Le Laboratoire d’ingénierie des systèmes accélérateurs et des hyperfréquences regroupe les compétences du SACM en conception et réalisation des structures électromagnétiques à haute fréquence et leur mise en œuvre avec une instrumentation appropriée. Il compte, fin 2015, 18 ingénieurs et 5 techniciens.

Les activités du laboratoire concernent principalement le développement des structures hyper-fréquence pour les accélérateurs de particules utilisés en physique (quadripôle à radiofréquence, cavités supraconductrice, coupleurs de puissance et d’évacuation des modes harmoniques supérieurs), ainsi que leurs outils de qualification (sources de puissance RF et leurs instrumentations associées). Il assure également la gestion de certains des moyens communs du SACM qui lui sont rattachés, à savoir les plateformes d’essais RF SupraTech-CryoHF et la nouvelle plateforme 352 MHz. Toutefois, ces activités peuvent également s’étendre à d’autres domaines d’application comme les antennes pour l’imagerie médicale par résonance magnétique à haut champ.

Dans ses missions, le LISAH s’appuie notamment sur des expertises internes à l’Irfu en sciences des matériaux, génie des procédés, construction mécanique et assurance qualité.

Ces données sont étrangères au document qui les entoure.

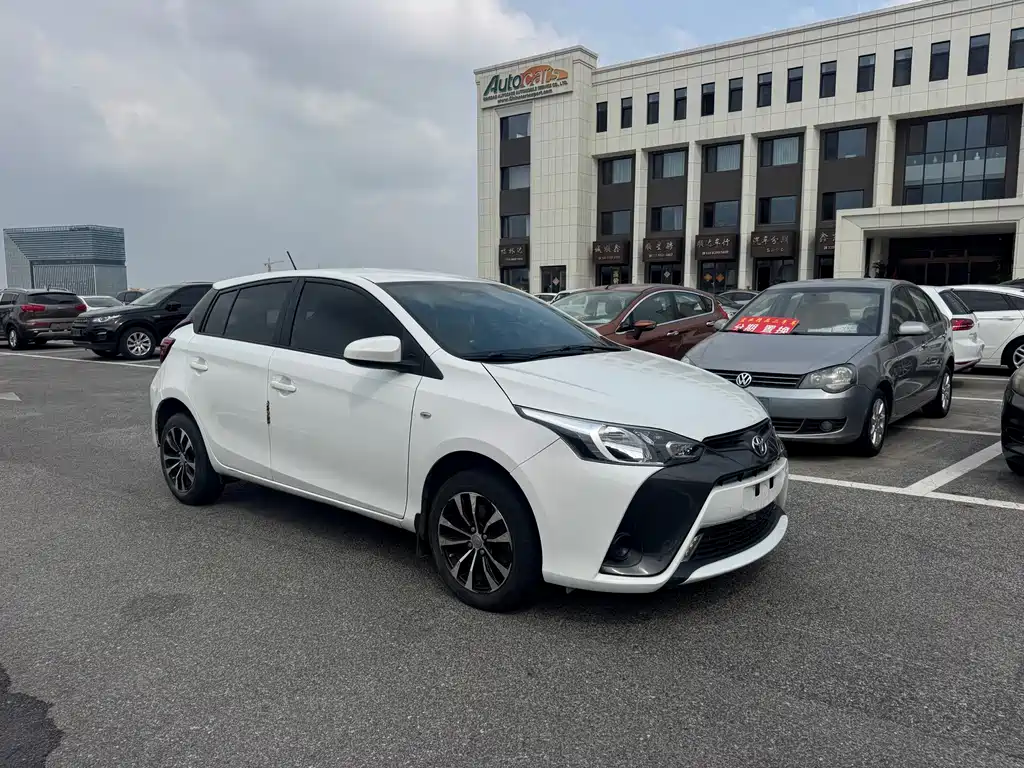 Toyota Yaris L — миниатюра 3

Il met ses compétences au service des projets de l’Irfu, soit en prenant en charge la responsabilité d’un lot complet, soit en fournissant une expertise technique.

Le Laboratoire d’intégration et de développement des cavités et des cryomodules regroupe les compétences du SACM en recherche sur les cavités accélératrices supraconductrices et en intégration des cryomodules. Le LIDC2 met ses compétences au service des projets de l’Irfu. Il conduit la R&D nécessaire au développement des cavités tant d’un point de vue des matériaux (multicouches, polissage) que des surfaces (électropolissage vertical et rinçage à haute pression). Il participe à la conception et au développement des cryomodules pour des accélérateurs nationaux (Spiral2) ou internationaux (XFEL, ESS, etc.). Il prend en charge leur intégration dès le prototypage. Il assure aussi la gestion des moyens communs du SACM qui lui sont rattachés tels que les salles blanches, l’installation de traitement chimique, les laboratoires de caractérisation des matériaux et les halls de montage.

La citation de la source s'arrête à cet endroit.